[Working data]:
BEGIN

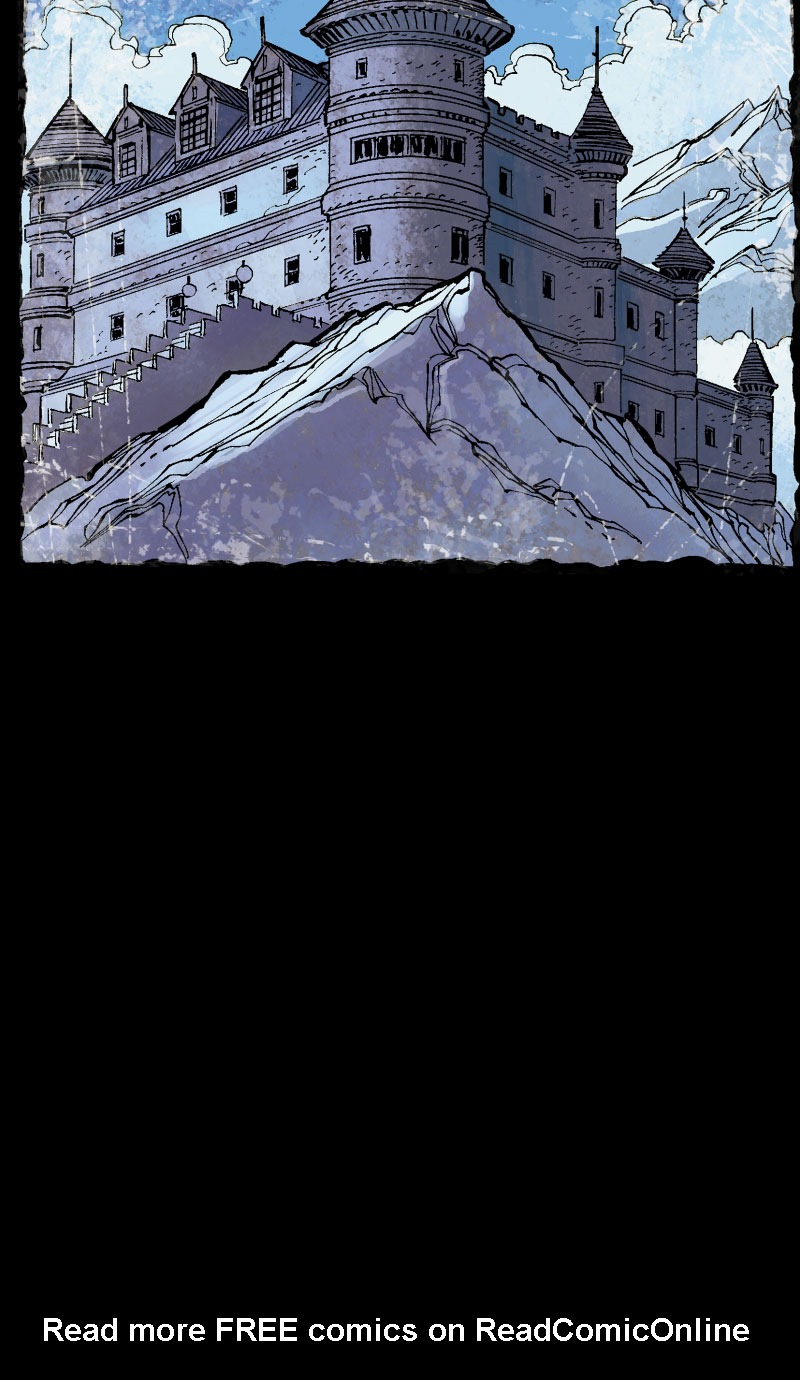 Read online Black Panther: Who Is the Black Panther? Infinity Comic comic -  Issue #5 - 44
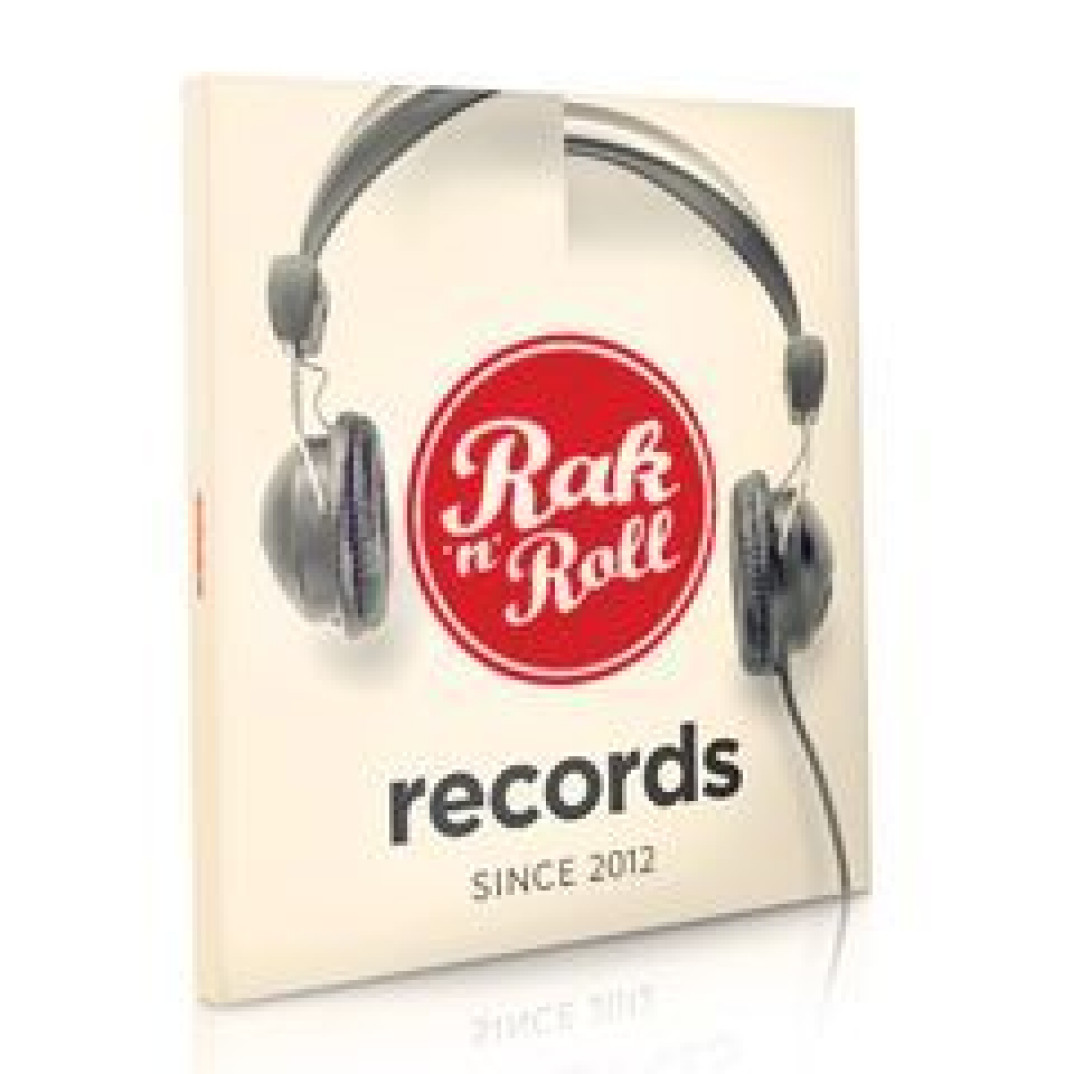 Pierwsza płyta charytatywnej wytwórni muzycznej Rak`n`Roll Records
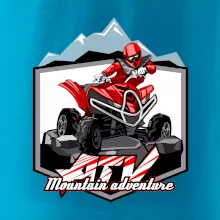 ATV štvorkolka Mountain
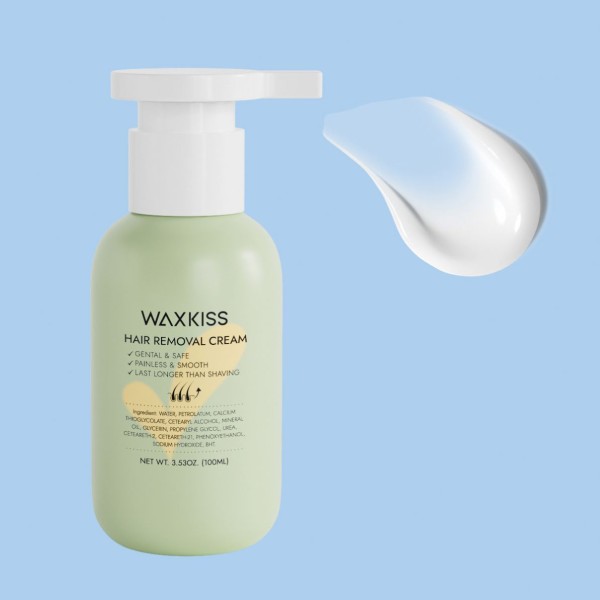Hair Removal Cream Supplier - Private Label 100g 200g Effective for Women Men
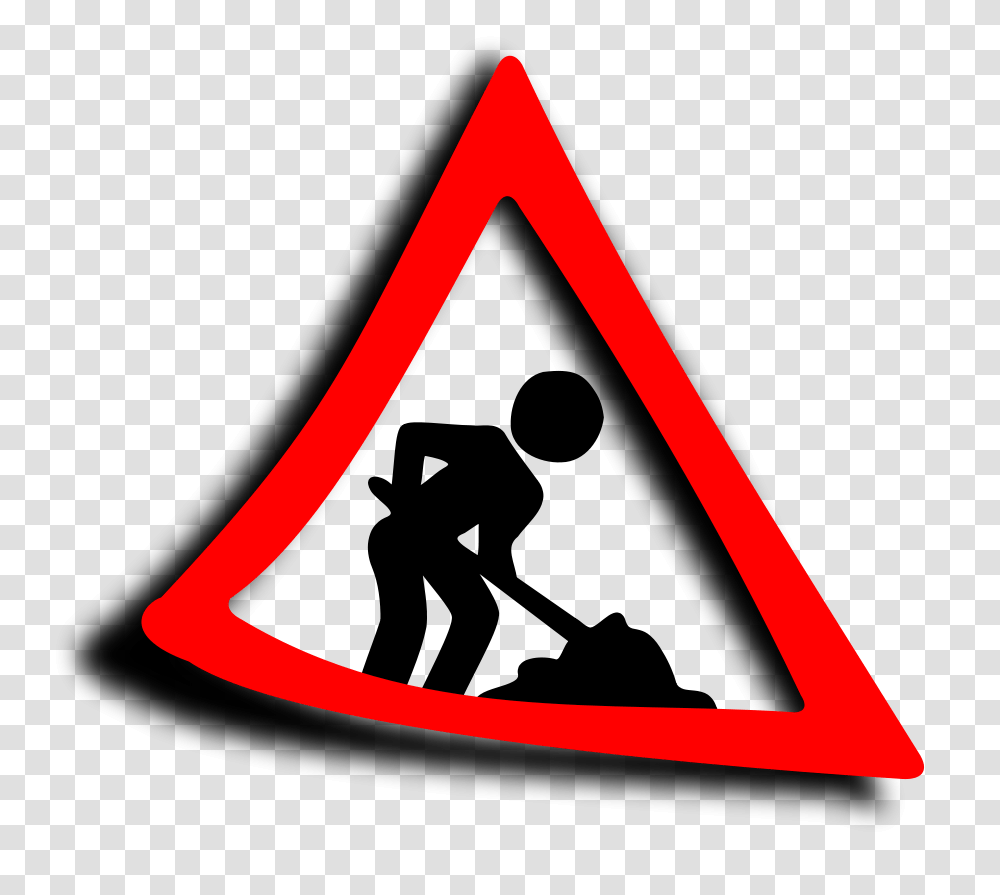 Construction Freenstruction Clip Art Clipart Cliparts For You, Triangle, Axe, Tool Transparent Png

END

[Task item]:
With the pictures removed, return all the entries exactly.

[Response for this exercise]:
 Read online Black Panther: Who Is the Black Panther? Infinity Comic comic -  Issue #5 - 44
 Pierwsza płyta charytatywnej wytwórni muzycznej Rak`n`Roll Records
 ATV štvorkolka Mountain
Hair Removal Cream Supplier - Private Label 100g 200g Effective for Women Men
 Construction Freenstruction Clip Art Clipart Cliparts For You, Triangle, Axe, Tool Transparent Png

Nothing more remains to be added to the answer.